WHAT YOU ARE ASKED TO DO: Quote only the span from the first line of the entries to the line containing "Image de Volare", both ends kept. Leave every picture out.

************

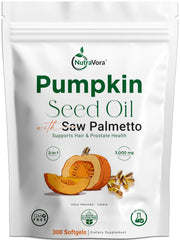 NutraVora pumpkin seed oil bottle highlighting high potency for daily wellness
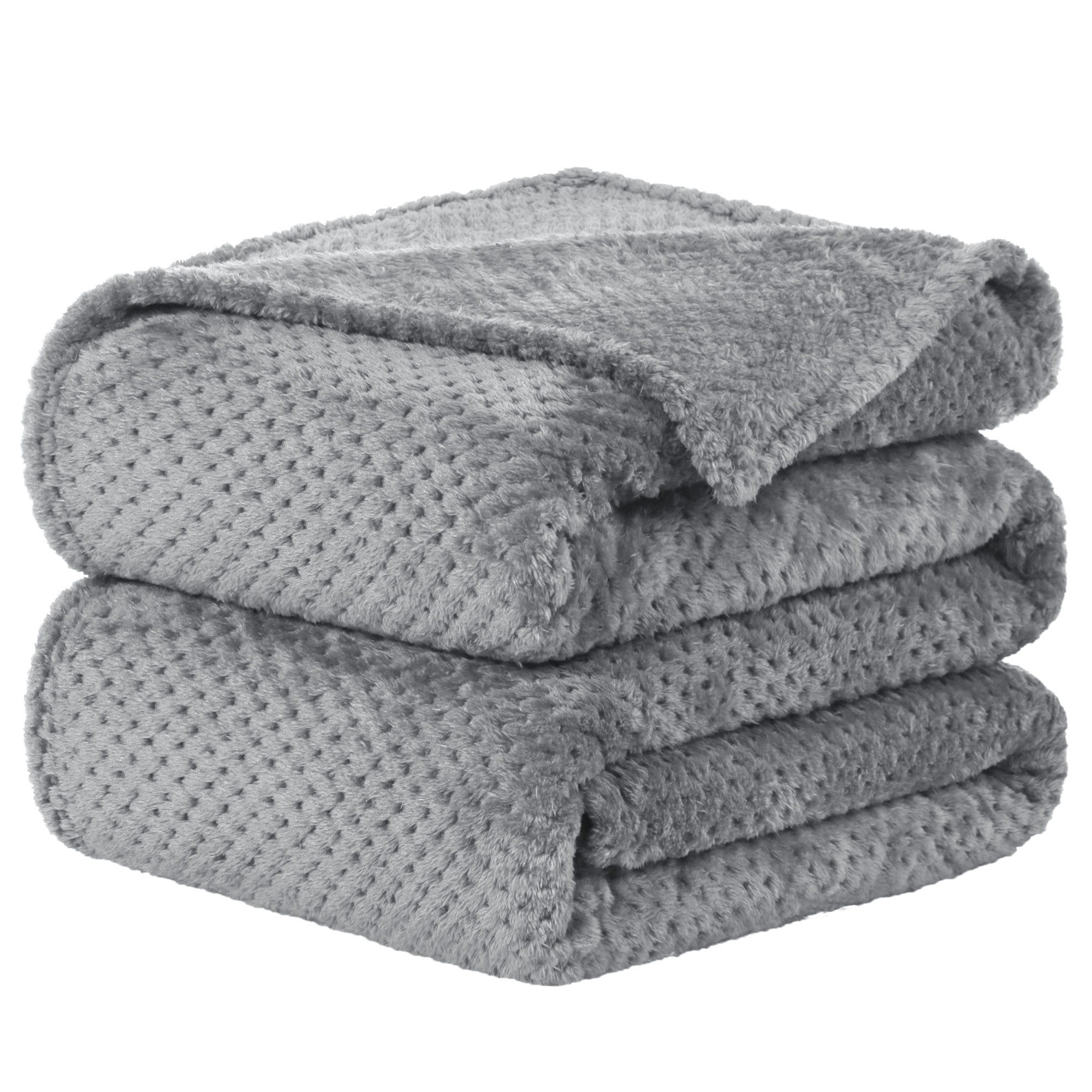 Plain Fleece Blanket Soft Home Sofa Bed Throw Pet Mustard Light Grey 120x150cm 
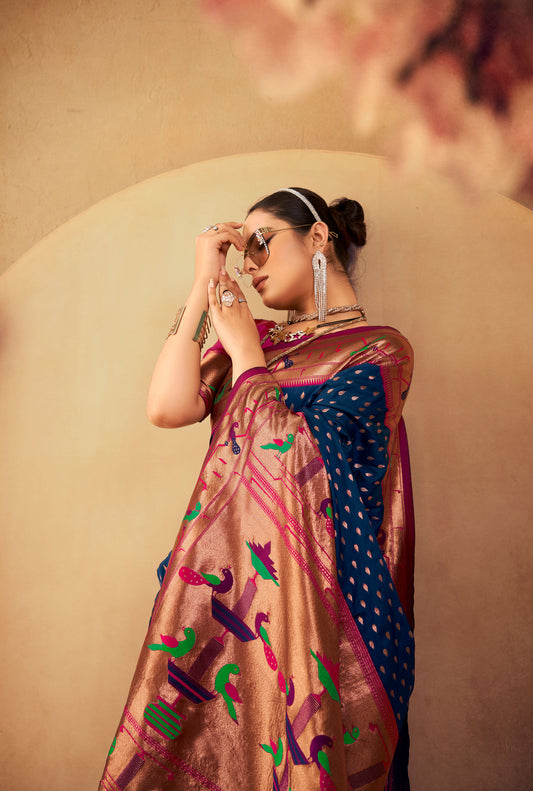 Navy Blue Paithani Silk Zari woven Butti Saree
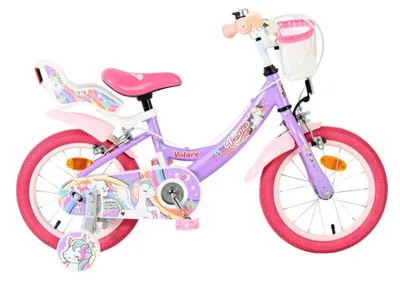 Image de Volare Unicorn, vélo pour enfants - Fille - 14 pouces - Violet - Deux freins à main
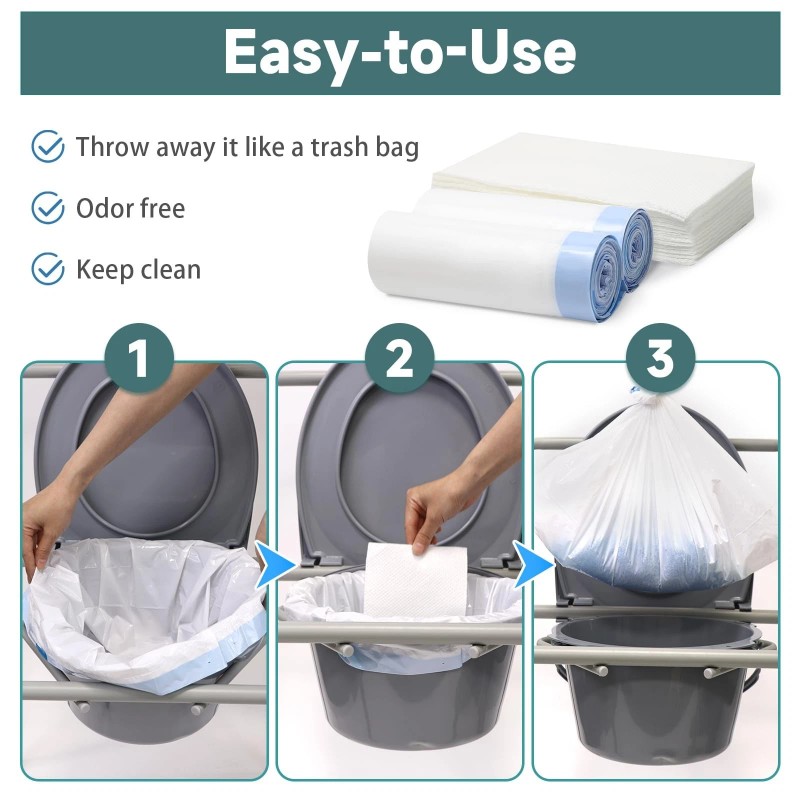 Seaside Brother Commode Liners with Absorbent Pads, 100 PCS Bedside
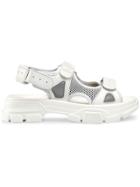Gucci Leather And Mesh Sandals - White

************

EXERCISE RESPONSE:
 NutraVora pumpkin seed oil bottle highlighting high potency for daily wellness
 Plain Fleece Blanket Soft Home Sofa Bed Throw Pet Mustard Light Grey 120x150cm 
 Navy Blue Paithani Silk Zari woven Butti Saree
 Image de Volare Unicorn, vélo pour enfants - Fille - 14 pouces - Violet - Deux freins à main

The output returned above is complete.